Ain’t No Costume Drama
“To me Underbelly is a graphic novel,” says Writer/Producer Peter Gawler. “Whether you’re telling a 1920s story or a 1990s story. It’s not like a BBC costume drama, it just ain’t. We’re doing interesting things with contemporary music in period arrangements. It’s our own take on the period.”

That said, in the script, they’ve tried not to extrapolate too much. “You want to be faithful to the spirit of the truth,” says Gawler, dismissing old rumours it interferes with a good story. Some characters were amalgamated but the key players have records and trial transcripts, they made their mark on the streets, to the police and in the newspapers of this town.

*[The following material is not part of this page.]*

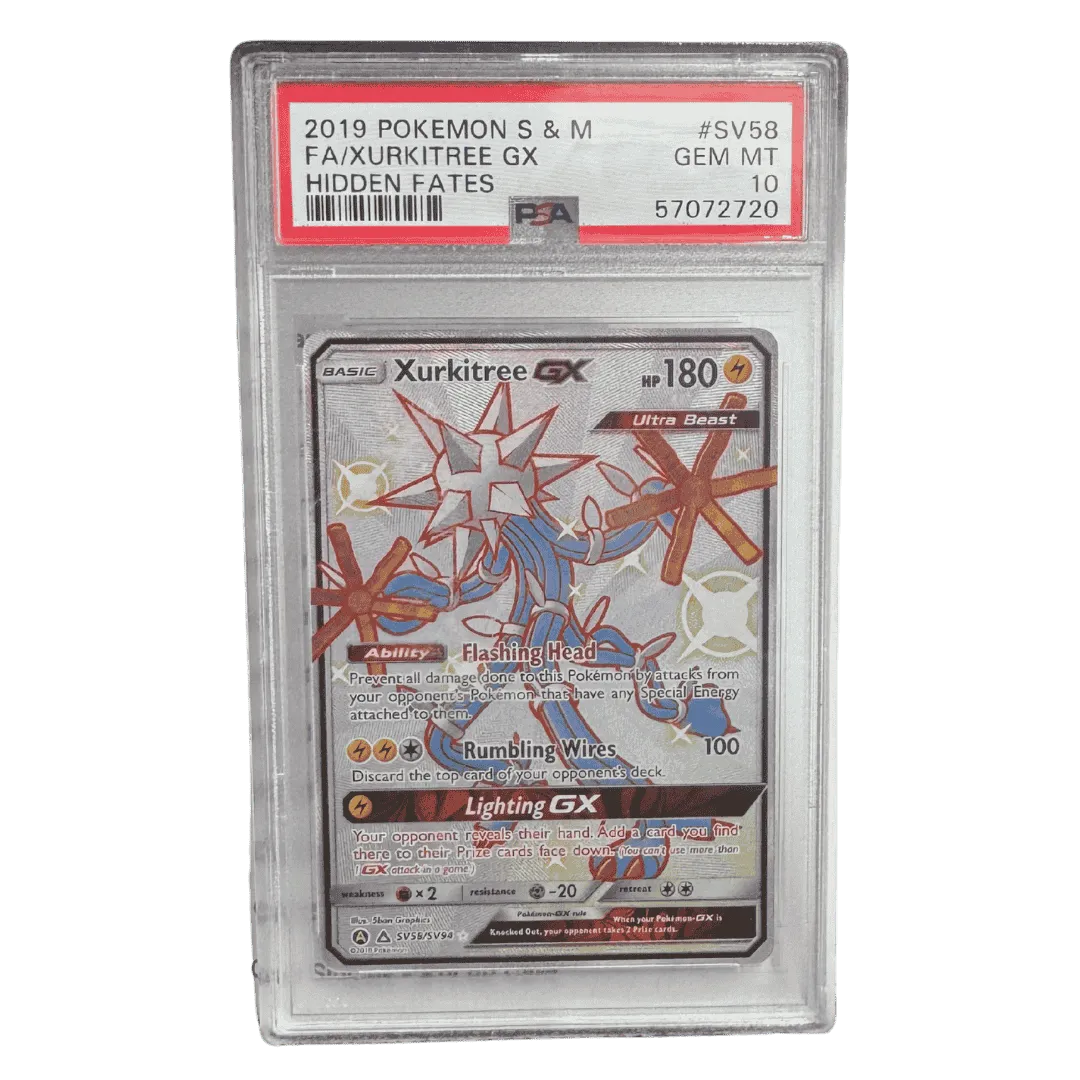 FA/Xurkitree GX PSA 10 2019 Pokemon Sun & Moon Hidden Fates Card #SV58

The book to which the series is based, Razor, by Larry Writer, “was so well researched and so well organised and indexed,” says Gawler. “It allowed us to all be literally on the same page at the same time. Larry made himself available; we could call him anytime, day or night and he could come up with the answer quickly. He remains involved with the project to this day. He’s been available to talk to the actors, to key directors, designers. That’s been a Godsend.”

The era has required a few challenges and changes to style from previous Underbelly outings, but courtesy of the Redfern back lot as well as a studio in Concorde West, “it’s not as difficult as you might think,” says Caesar. “You always have to be careful which way you’re filming because of buildings [but] we always have walls of corrugated iron to dress in things we call ‘nasties’.

If this is Channel Nine’s attempt to break into HBO-styled programming, it seems to be working, with support by Screentime, impressive production design by Paddy Reardon (Chopper, Japanese Story), married to crisp cinematography by DOP Mark Wareham (Cloudstreet).

“The stuff that we’re getting looks a million bucks,” says director Shawn Seet (The Strip, Dangerous). “Wareham brought a meticulousness that we didn’t have before and an eye for detail, but we haven’t lost any of that energy or vibe. The images he puts on screen are luscious and vibrant. He, like Jo Pickering, who shot the other series, they understand that a story lives in that image, they’re filmmakers, not technicians.”

“This show is much more classic in the way its shot as opposed to other Underbellys,” says Caesar, “which are more hand-held and frenetic camera movement. But once you see the finished product it’s still in the same family, the style is consistent, even though it’s 80 years in the past.

For the future, Gawler remains relatively tight-lipped on what’s next. Nevertheless, the Underbelly brand has become a bankable name for entertaining Australian crime drama, building its own style and a loyal following. Not only that but it’s been a reliable and trustworthy employer for its cast and crew – more than can be said for some of its characters.

Underbelly: Razor premieres with a movie length first episode on Sunday 21 August, 8.30pm.